*Exercise objective*. The reply should hold every line of the listing exactly, and none of its images.

*Provided data*.
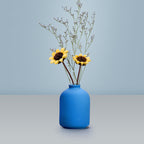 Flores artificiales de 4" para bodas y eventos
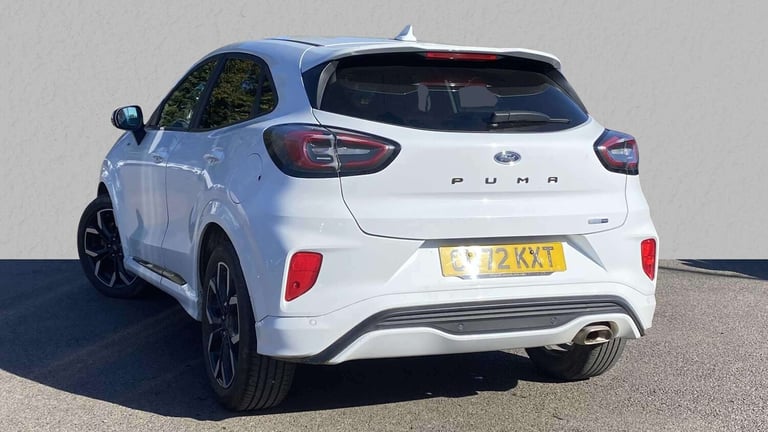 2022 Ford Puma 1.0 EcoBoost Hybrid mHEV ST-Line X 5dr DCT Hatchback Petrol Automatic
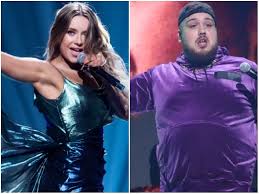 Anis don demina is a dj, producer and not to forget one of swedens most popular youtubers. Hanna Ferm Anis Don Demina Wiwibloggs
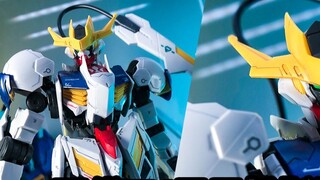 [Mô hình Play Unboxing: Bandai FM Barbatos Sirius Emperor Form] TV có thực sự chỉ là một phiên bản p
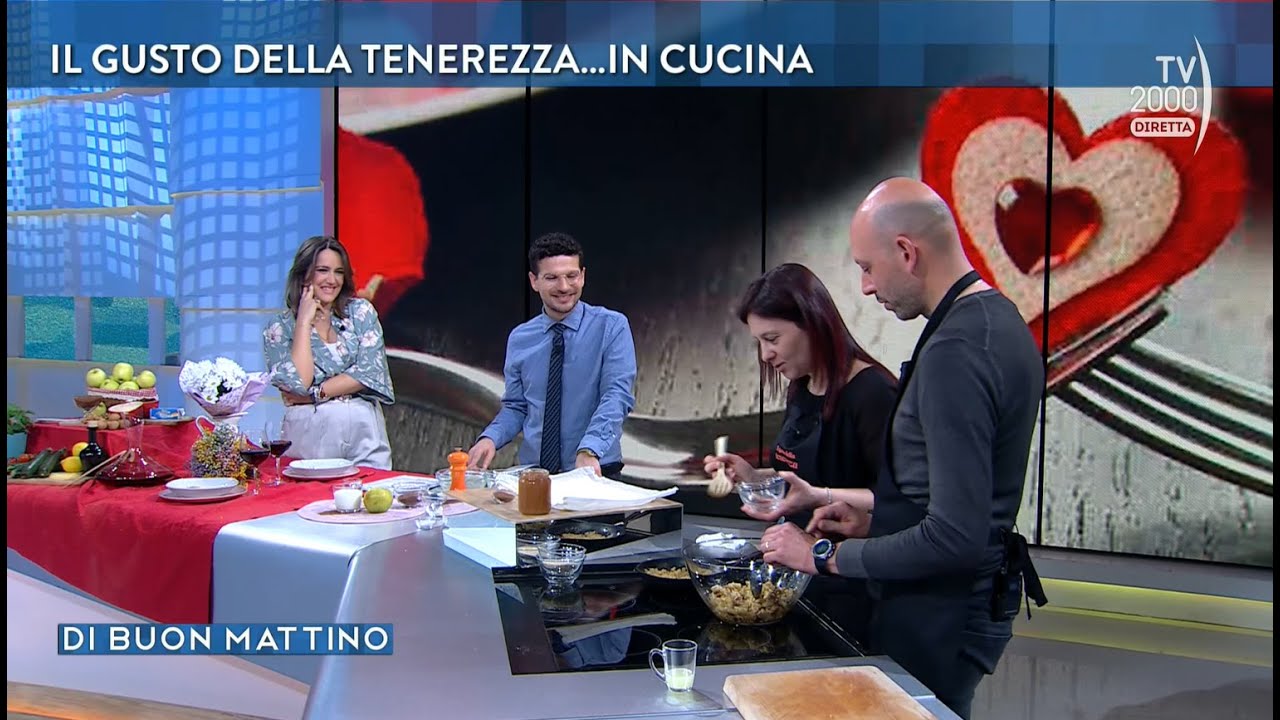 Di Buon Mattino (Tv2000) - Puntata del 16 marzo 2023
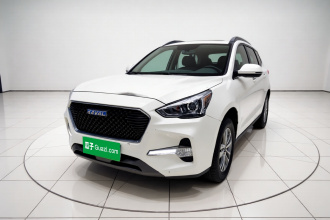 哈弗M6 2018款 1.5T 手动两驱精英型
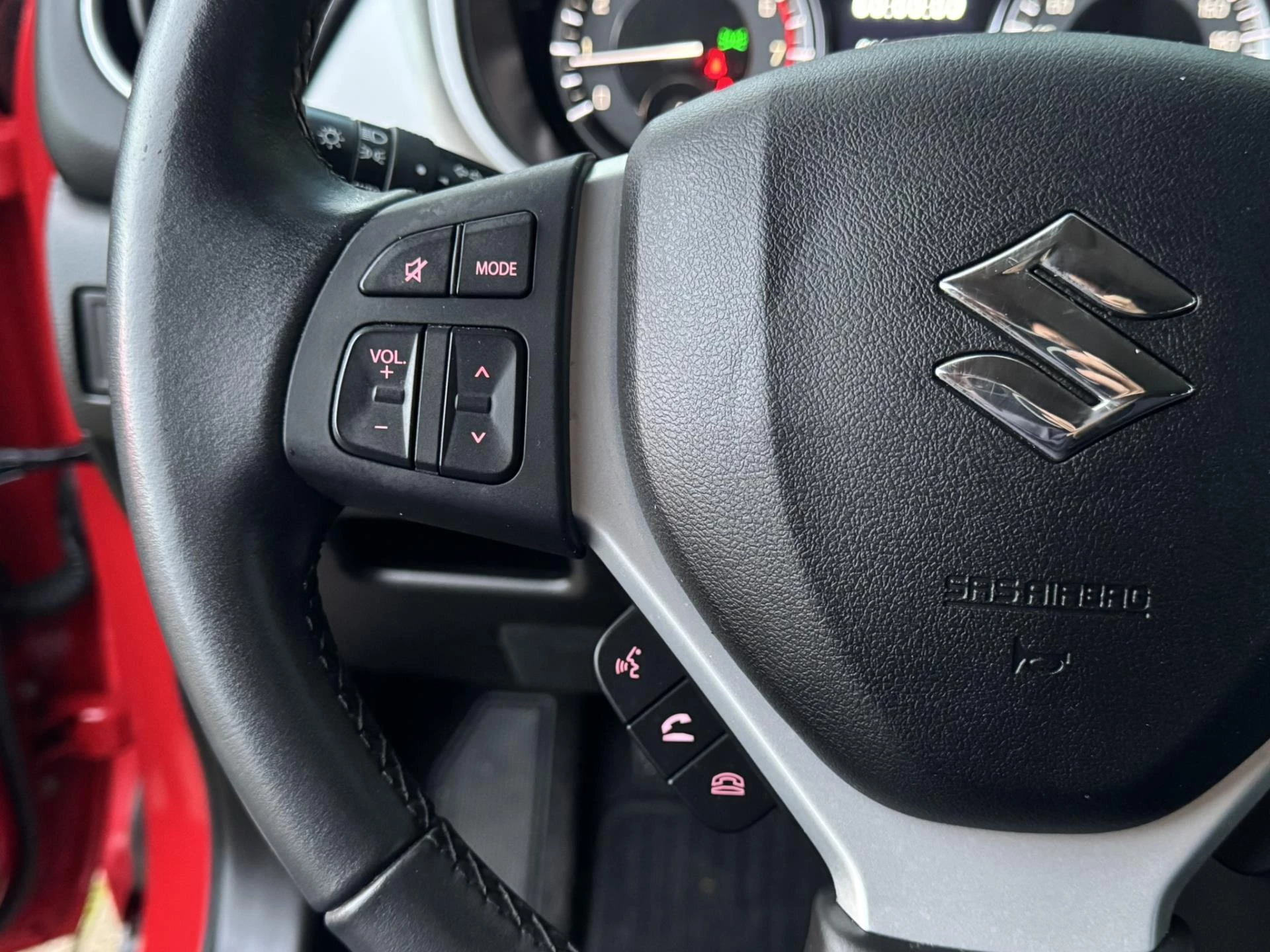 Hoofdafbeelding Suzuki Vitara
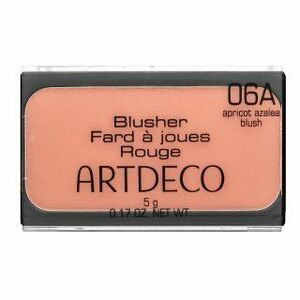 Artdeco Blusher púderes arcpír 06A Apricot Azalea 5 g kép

*Answer for the task*.
 Flores artificiales de 4" para bodas y eventos
 2022 Ford Puma 1.0 EcoBoost Hybrid mHEV ST-Line X 5dr DCT Hatchback Petrol Automatic
 Anis don demina is a dj, producer and not to forget one of swedens most popular youtubers. Hanna Ferm Anis Don Demina Wiwibloggs
 [Mô hình Play Unboxing: Bandai FM Barbatos Sirius Emperor Form] TV có thực sự chỉ là một phiên bản p
 Di Buon Mattino (Tv2000) - Puntata del 16 marzo 2023
 哈弗M6 2018款 1.5T 手动两驱精英型
 Hoofdafbeelding Suzuki Vitara
 Artdeco Blusher púderes arcpír 06A Apricot Azalea 5 g kép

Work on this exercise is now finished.